# Question about torque reaction of a helicopter

This image below about the torque reaction of a helicopter has confused me a bit. I would like to ask whether i understand the principles here correctly. In the picture we see a helicopter whose main propeller is spinning Counter Clock Wise (CCW), as is indicated by the up most arrow. We know that the torque is $\vec{T} = \vec{r}\times\vec{F}$, so according to the right hand rule i want to calculate the direction of the torque of the main propeller here, or better yet to understand why it is in the direction illustrated.

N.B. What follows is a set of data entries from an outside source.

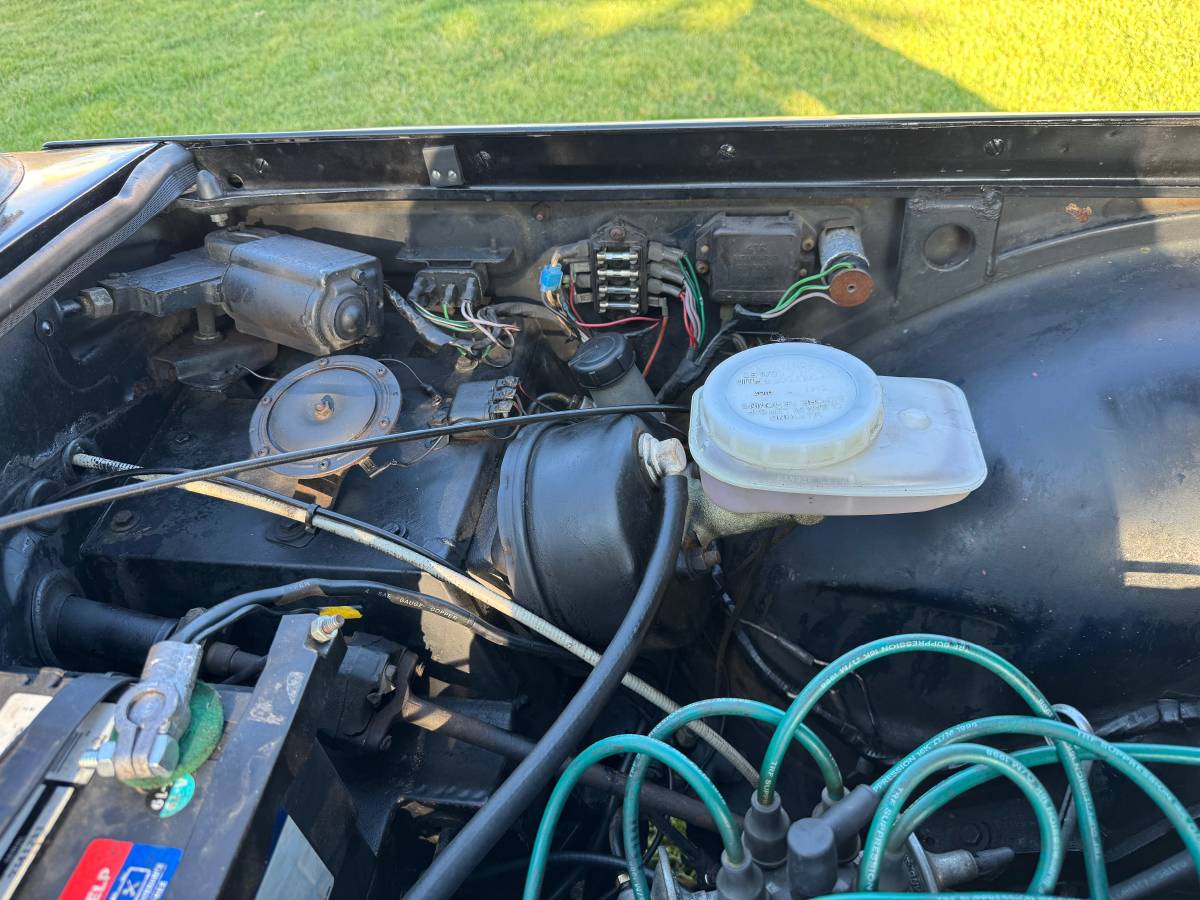 Triumph-tr250-1968-black-14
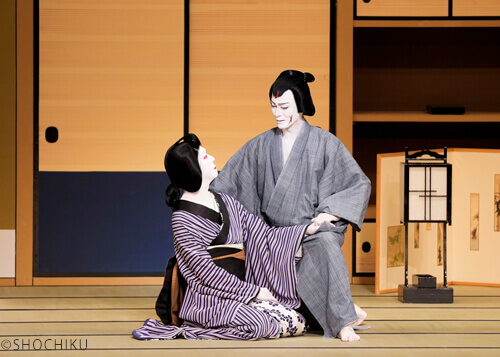 ▲From left, Bandō Tamasaburō, Ichikawa Somegorō<br>in 'YOWA NASAKE UKINA NO YOKOGUSHI'.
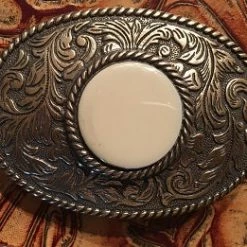 OutWest Shop Ladies' Accessory: Oval Trophy Buckle Gold Tone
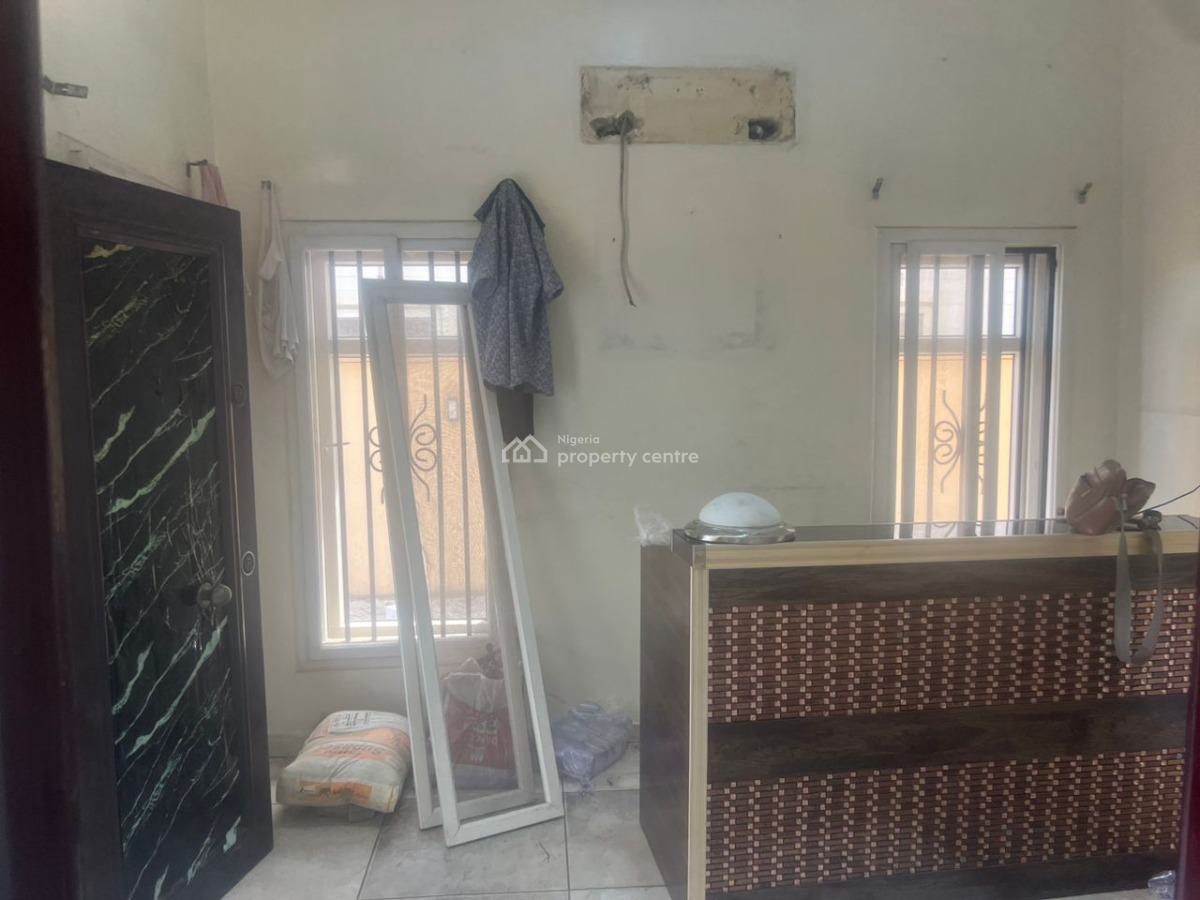 Self Compound Spacious 5 Bedroom Fully Detached Duplex with 2 Rooms Bq, Lekki Phase 1, Lekki, Lagos, Detached Duplex for Rent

We know that the main propeller is producing a force downwards to the air. And then the air is countering this force, by producing a lift force that lifts the helicopter upwards. Now, my problem is which one of the two forces should i consider when i calculate the Torque with the above equation? I believe i should take into account the force-action (from the helicopter to the air) and not the force-reaction (from the air to the helicopter). If i consider the force-action-dowwards using the right hand rule (i know how to do that correctly, i'm sure) then the direction of the torque should be that of the image below. However the direction that the main rotor is spinning confuses me whether i'm doing the right thing.

So finally in order to compensate for this torque, the tail rotor must produce the torque reaction in the opposite direction of the main torque.

My main question is whether my reasoning about the direction of the main torque is correct. Thanks in advance.